Fig. 5.Gene-expression changes associated with stunting. (A) Box plot of log2 fold-changes in ERCC spike-in RNA levels per unit ΔHAZ score determined using DESeq2 default normalization. The deviation in log2 fold-change values from zero is highly significant (P < 2.2 e-16), which is consistent with increasing ribosomal RNA levels with health. (B) Heat map showing z-score–normalized levels of 143 differentially expressed RNAs (rows, gene names omitted for clarity) in samples from each of six female 1-y-old children. The samples are ordered by ΔHAZ score; three samples from children with HAZ scores < −2 were defined as phenotypically stunted, whereas three samples from children with HAZ scores > −2 were defined as controls.
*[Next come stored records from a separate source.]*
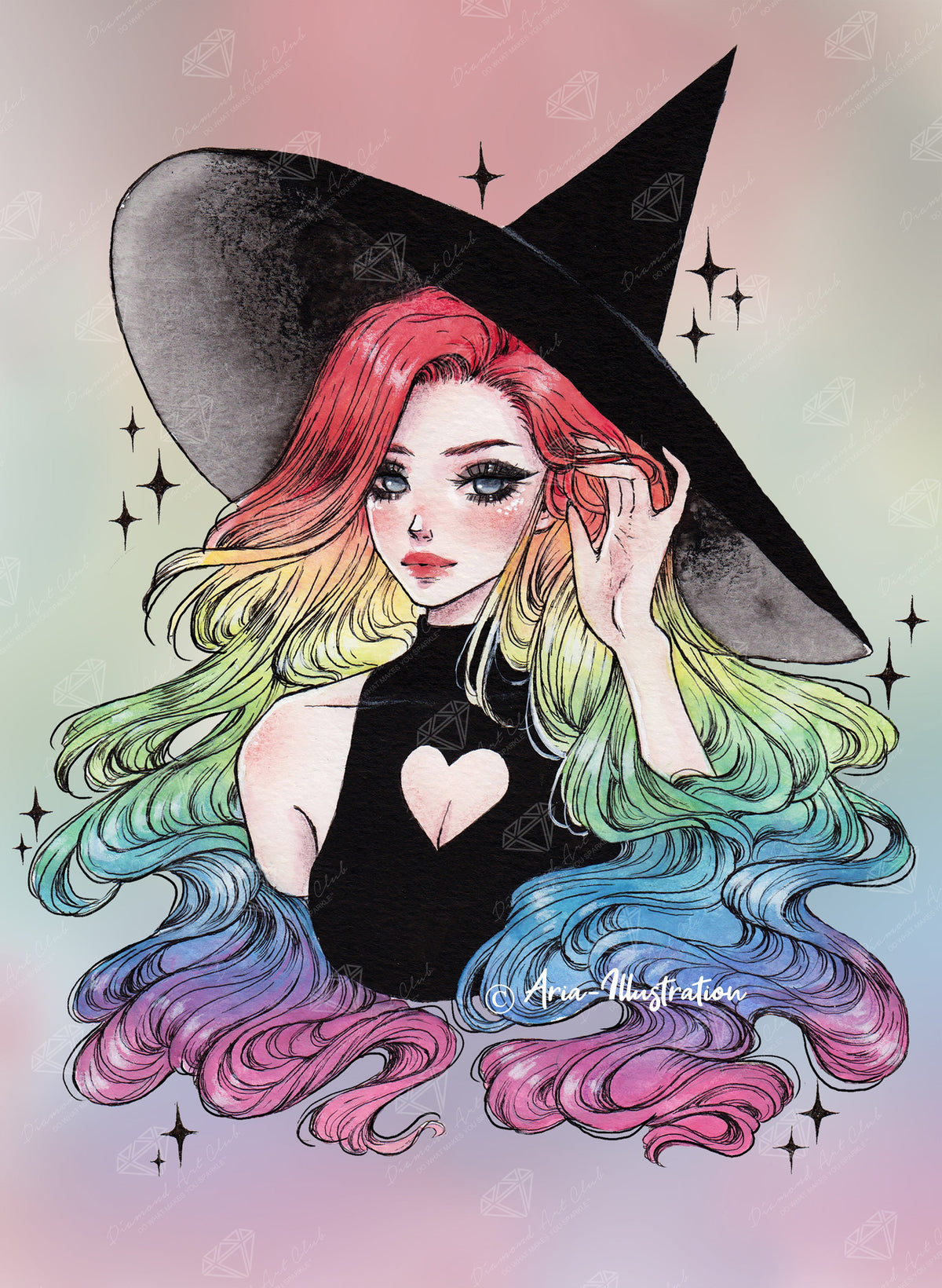Diamond Painting Rainbow Witch 22" x 30" (55.6cm x 75.9cm) / Round with 56 Colors including 2 ABs and 1 Iridescent Diamond and 5 Fairy Dust Diamonds / 55,752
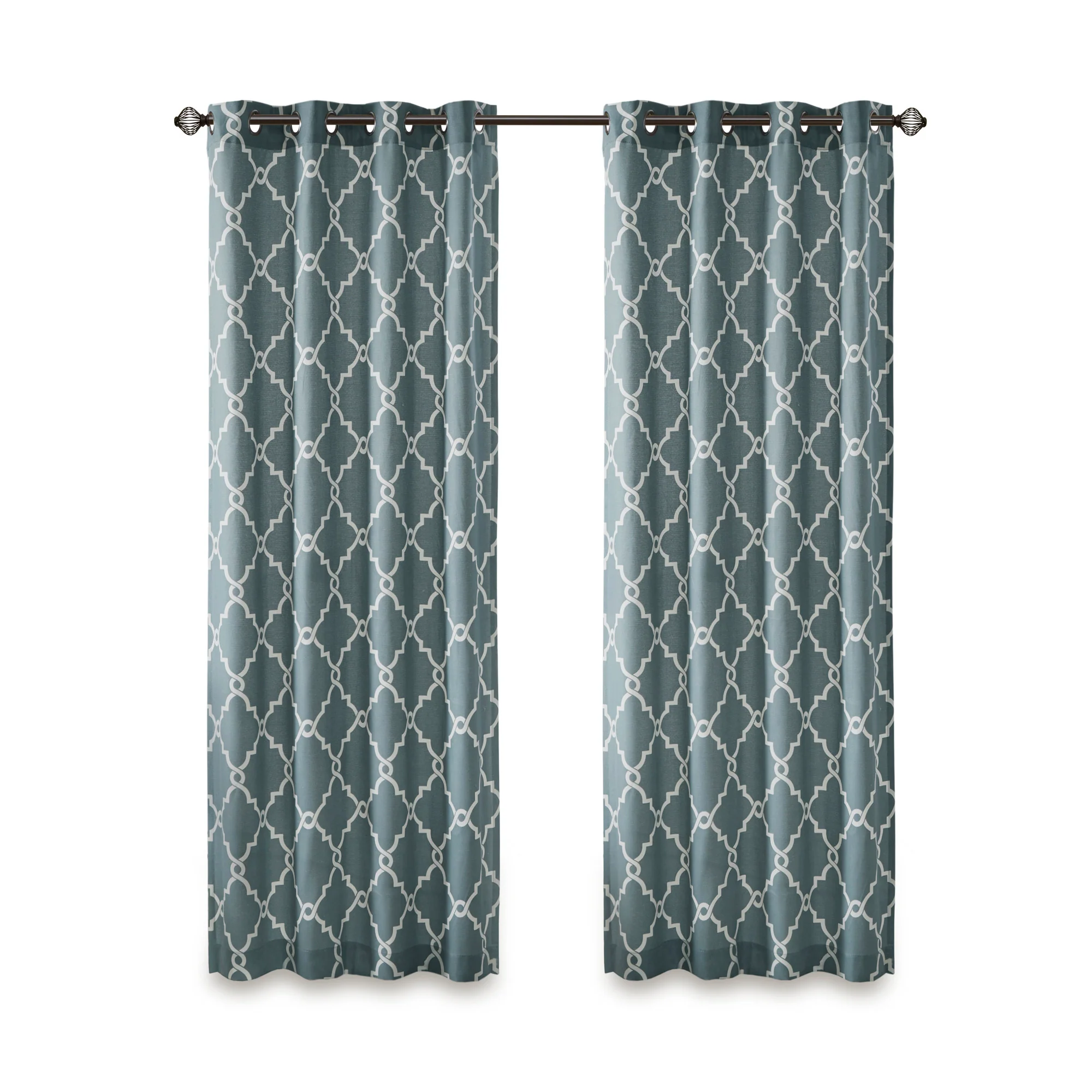 Saratoga Fretwork Print Grommet Top Window Curtain Panel - Image 76
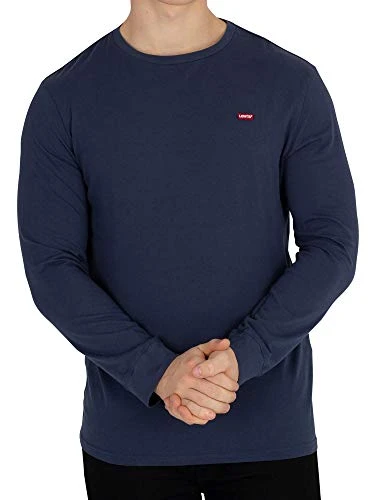 Men's Long-Sleeve Original Housemark Tee T-Shirt, Cotton + Patch Dress Blues, L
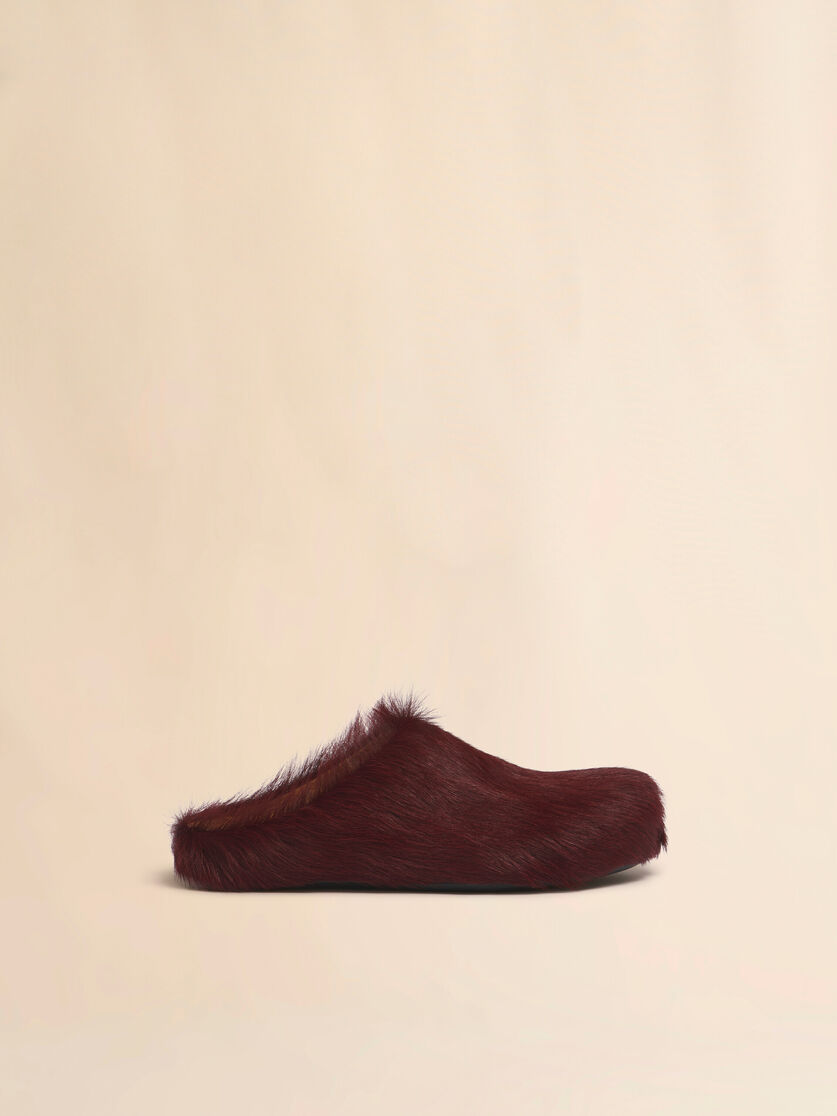stutterheim x marni Burgundy long hair calfskin Fussbett sabot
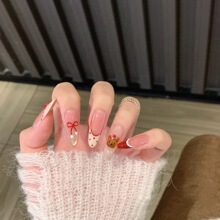 波点熊仔法式手工美甲穿戴甲超可爱草莓蝴蝶结甜心女孩美甲可拆卸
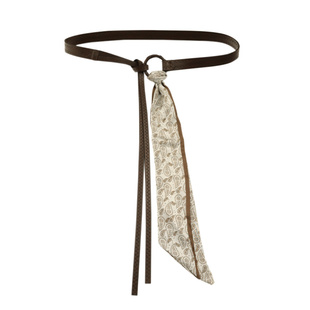 复古民族风咖啡色丝巾腰带女小众美拉德配裙子牛仔裤百搭皮带装饰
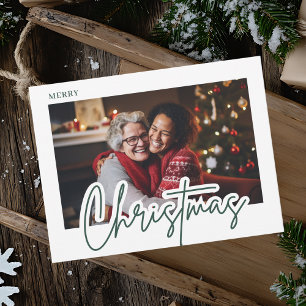Postale Carte de vœux Moderne Vert Script Joyeux Noël Phot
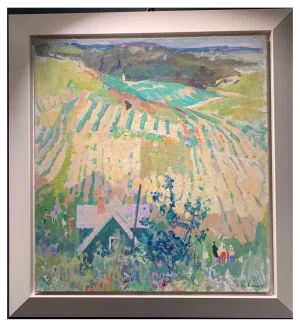 Gleb Savinov, Village Near St. Petersburg, 1959, Oil on Canvas, Framed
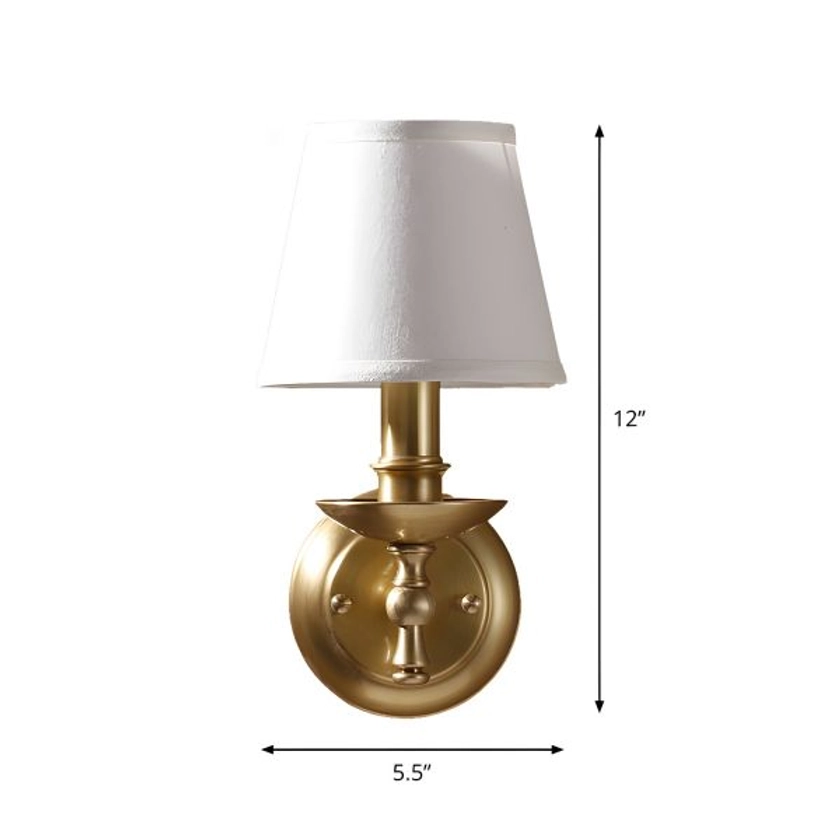 Style Classique Lampe Murale avec Abat-Jour à Seau en Tissu Éclairage Mural à 1 Ampoule en Métal en Or - 220 V-240 V Or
Ward.D clustering using a Pearson correlation similarity metric was applied to genes. (C) Log2 normalized transcript levels for the H3K4 demethylase gene KDM5C versus HAZ score. (D) Protein interaction network diagram obtained using STRING (58). The nodes represent protein products of differentially expressed transcripts versus ΔHAZ score. The network was determined using all STRING interaction sources except text mining and default parameters for interaction score. The protein–protein interaction P = 6.08e-4 for the network. Nodes are colored based on Markov clustering using an inflation parameter of 1.2. The colored clouds underlying different clusters identify functions and processes associated with the genes in that part of the network. Note that KDM5C was in a functional network of chromatin regulators but not directly linked to the network shown under these conditions. A partial list of MSigDB (53) gene set enrichment results is shown in the Inset table.
Fig. 6.LRP1-deleted mice have a stunted phenotype and recapitulate pathophysiological aspects of stunting in humans. (A) LRP1 RNA levels in whole blood from 1-y-old control (Con) or stunted (St) children. ENO3 was chosen as an unaffected control. (B) Percentage weight gain in LRP-1fl/flCre-ERt2+ (LRP1−) and LRP-1+/+Cre-ERt2+ (LRP1+) mice after injection of tamoxifen. ***P < 0.001. (C) Appearance of LRP1+ and LRP1− littermates 40 d postinjection of tamoxifen. (D) Inguinal fat pad weight in LRP+ and LRP− mice. Each dot represents one animal. (E) Levels of Ly6Chi inflammatory macrophages in intestinal lamina propria from LRP1+ and LRP1− mice. (F) Serum FITC dextran levels in LRP1+ and LRP1− mice at 0 and 28 d posttamoxifen treatment.